Top of Provided records
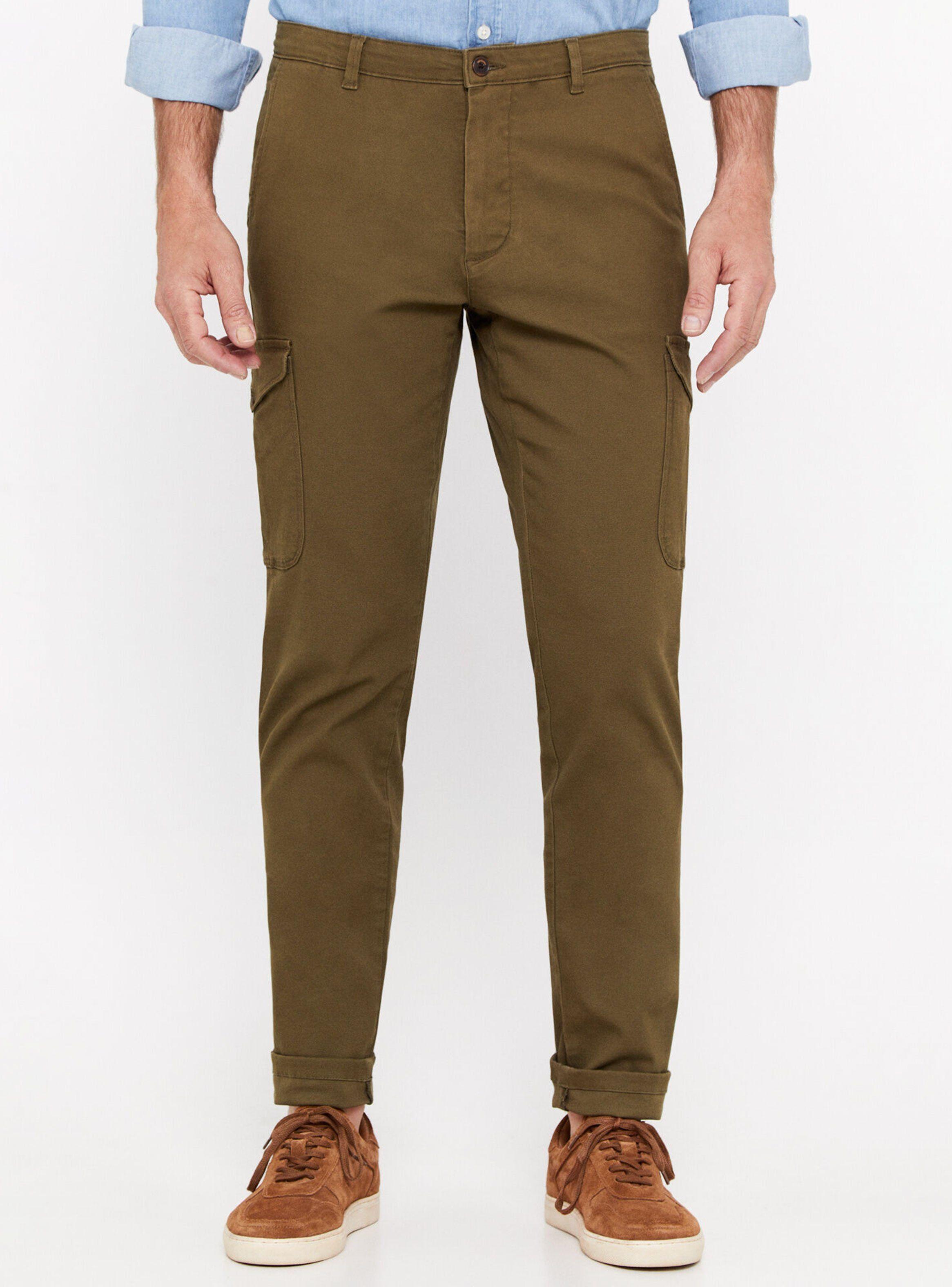 Pantalón Tipo Cargo Seis Bolsillos-0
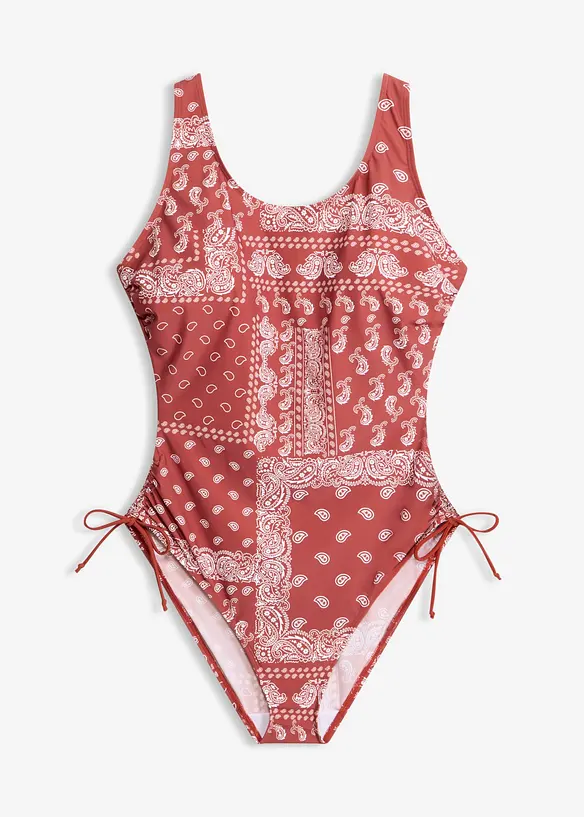Light Shape-Badeanzug mit Bindeb&auml;ndern, bonprix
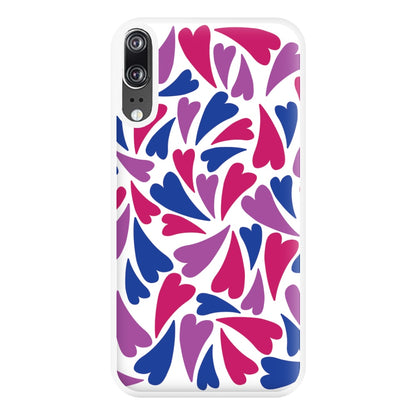 Bisexual Hearts - Pride Phone Case for Huawei P20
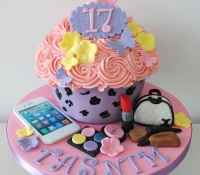 Mac iphone chanel bag 17th birthday giant cupcake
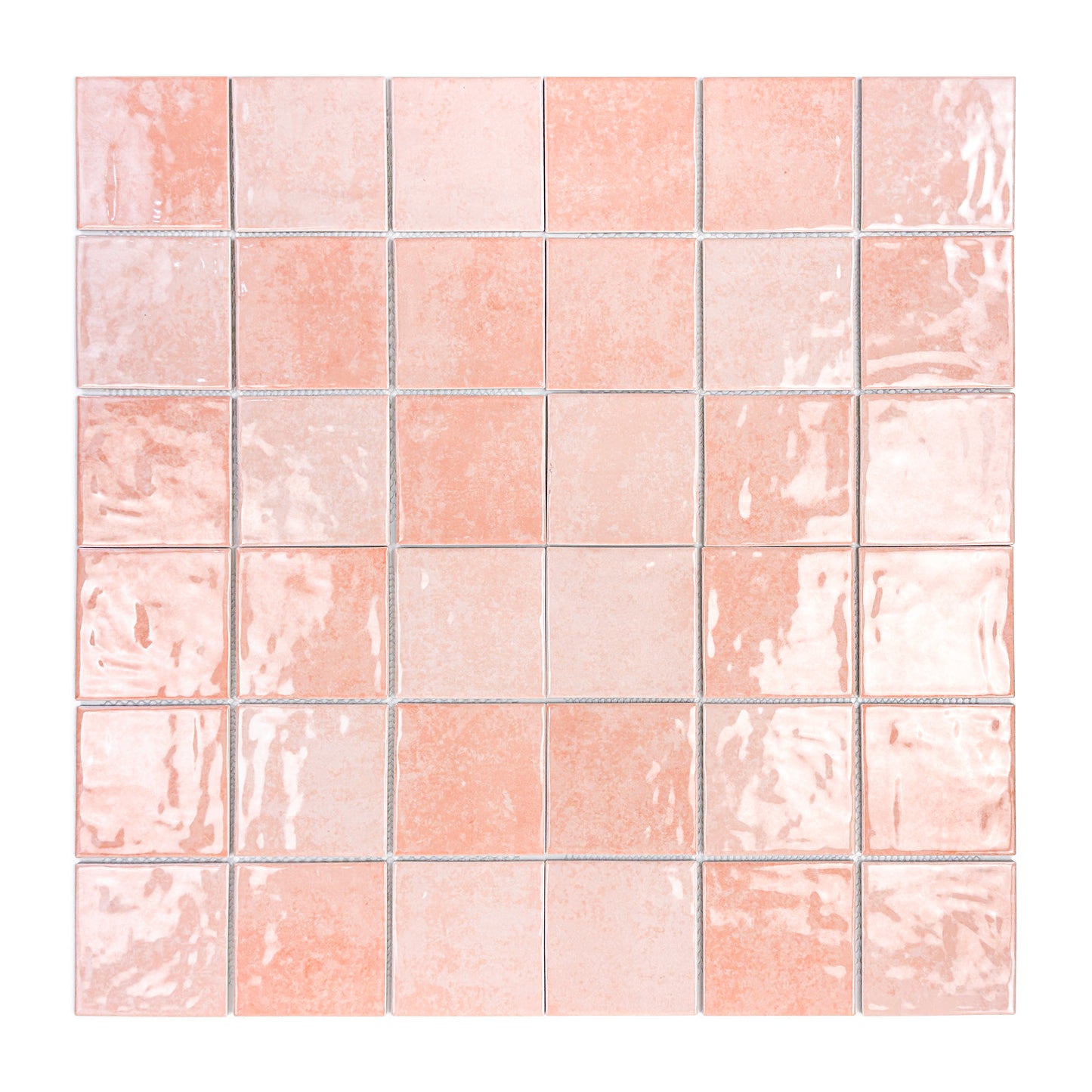 Burano Series Peach Pink Natural Gradient Porcelain Mosaic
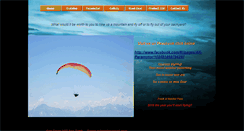 Desktop Screenshot of paraglidingalaska.com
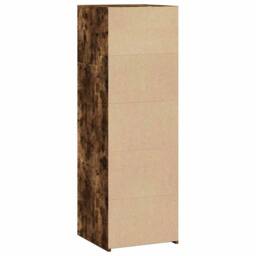 Berkfield Home Highboard Smoked Oak 40x41x124 cm Engineered Wood in Brown - Size: 40 x 41 x 124 cm - thumbnail 6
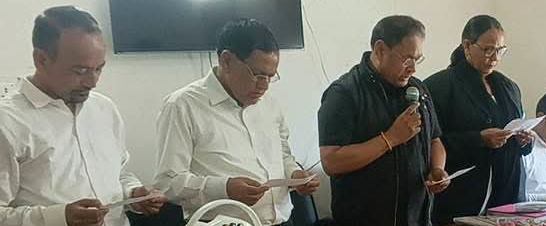 बार एसोसिएशन के नवनिर्वाचित पदाधिकारियों ने ली शपथ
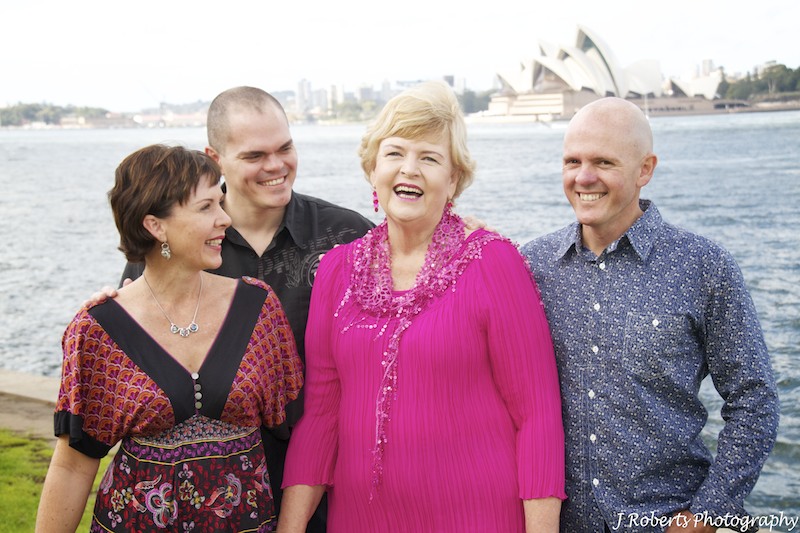 Mother and 3 adult children - family portrait photography sydney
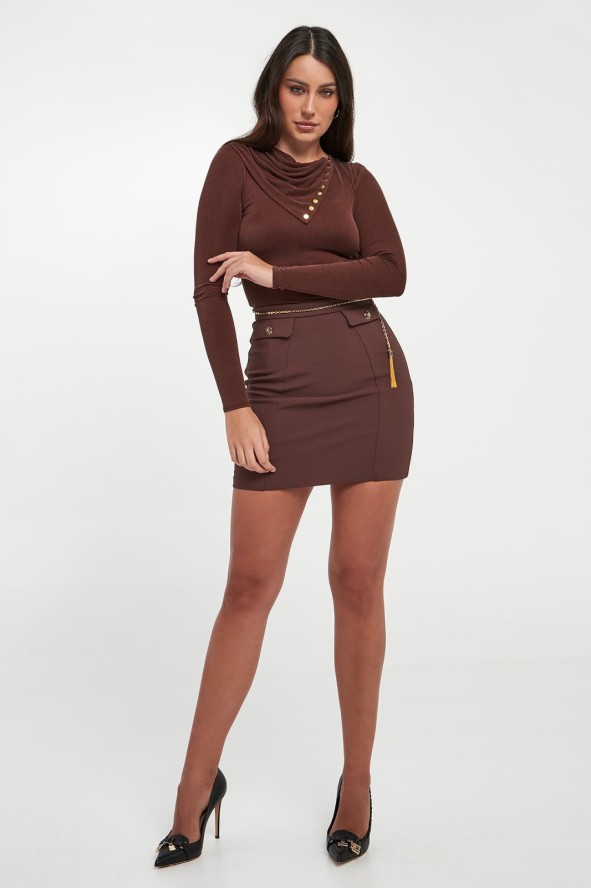 Bluzka damska w prążki ELISABETTA FRANCHI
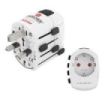 Hama World Travel Pro Adaptador Universal de Viaje - Mas de 150 Paises - 250V, 7A - Color Blanco
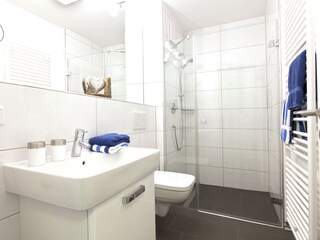 Das moderne Badezimmer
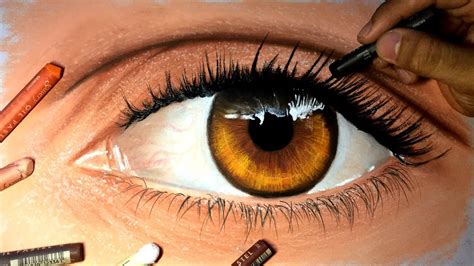 How To Draw Realistic Eye Using Oil Pastel Youtube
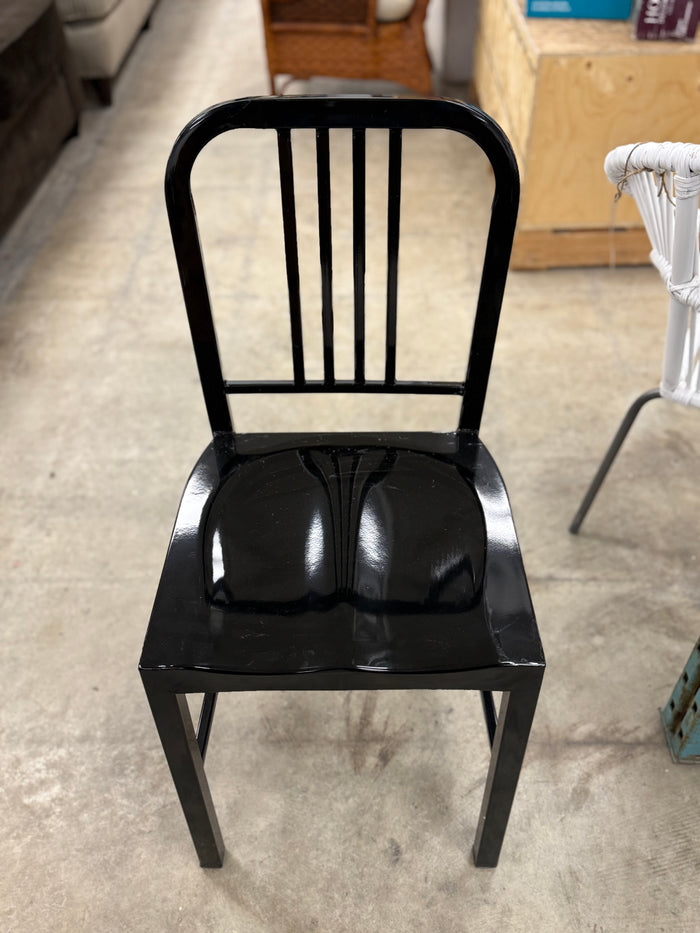 Black Kipling Gunmetal Chair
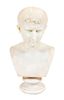 * A Continental Marble Bust Height 22 inches.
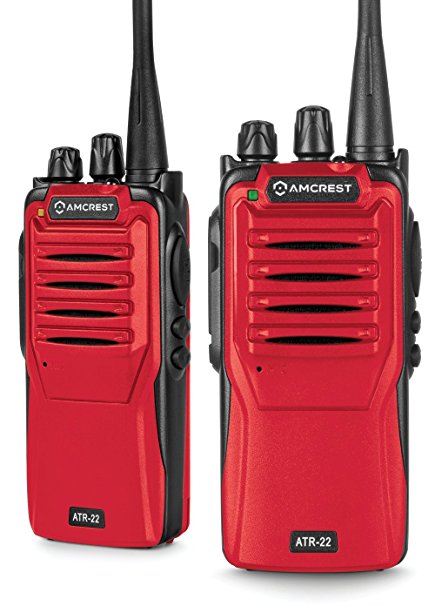 Amcrest Baofeng ATR-22 Two-Way Radios (Pack of 2) Walkie Talkies (Newer Version BF-888S) Upgraded 1800mah Battery, 400-470 MHz FM, 16 Channels, Flashlight, FCC Cert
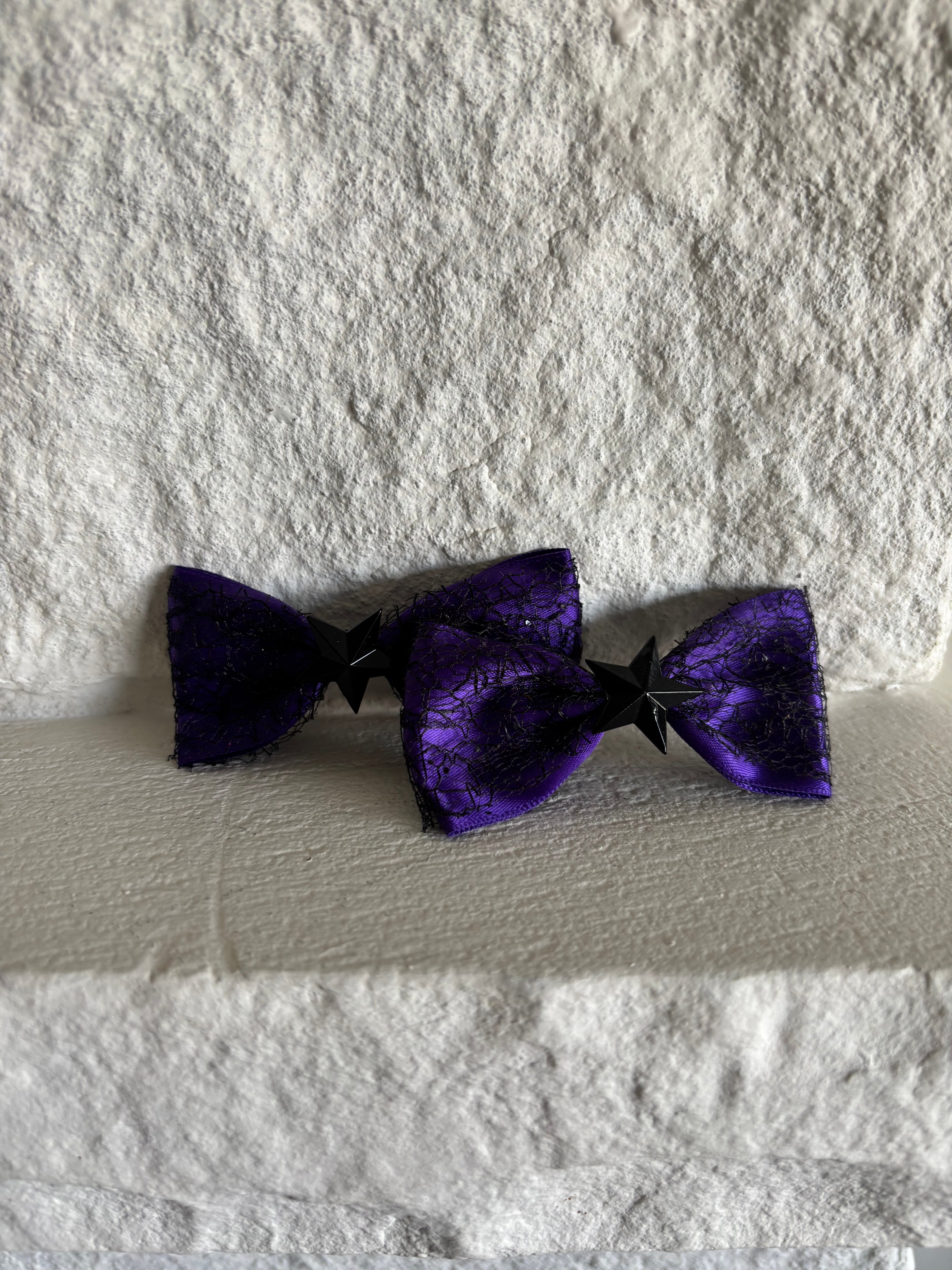 Purple Hair Bows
Bottom of Provided records
◆ **What the task asks**: Without including any pictures, set down word for word every line from the one containing "Das moderne Badezimmer" through the last line of the material.

◆ **Solution to this exercise**:
 Das moderne Badezimmer
 How To Draw Realistic Eye Using Oil Pastel Youtube
 Black Kipling Gunmetal Chair
 * A Continental Marble Bust Height 22 inches.
 Amcrest Baofeng ATR-22 Two-Way Radios (Pack of 2) Walkie Talkies (Newer Version BF-888S) Upgraded 1800mah Battery, 400-470 MHz FM, 16 Channels, Flashlight, FCC Cert
 Purple Hair Bows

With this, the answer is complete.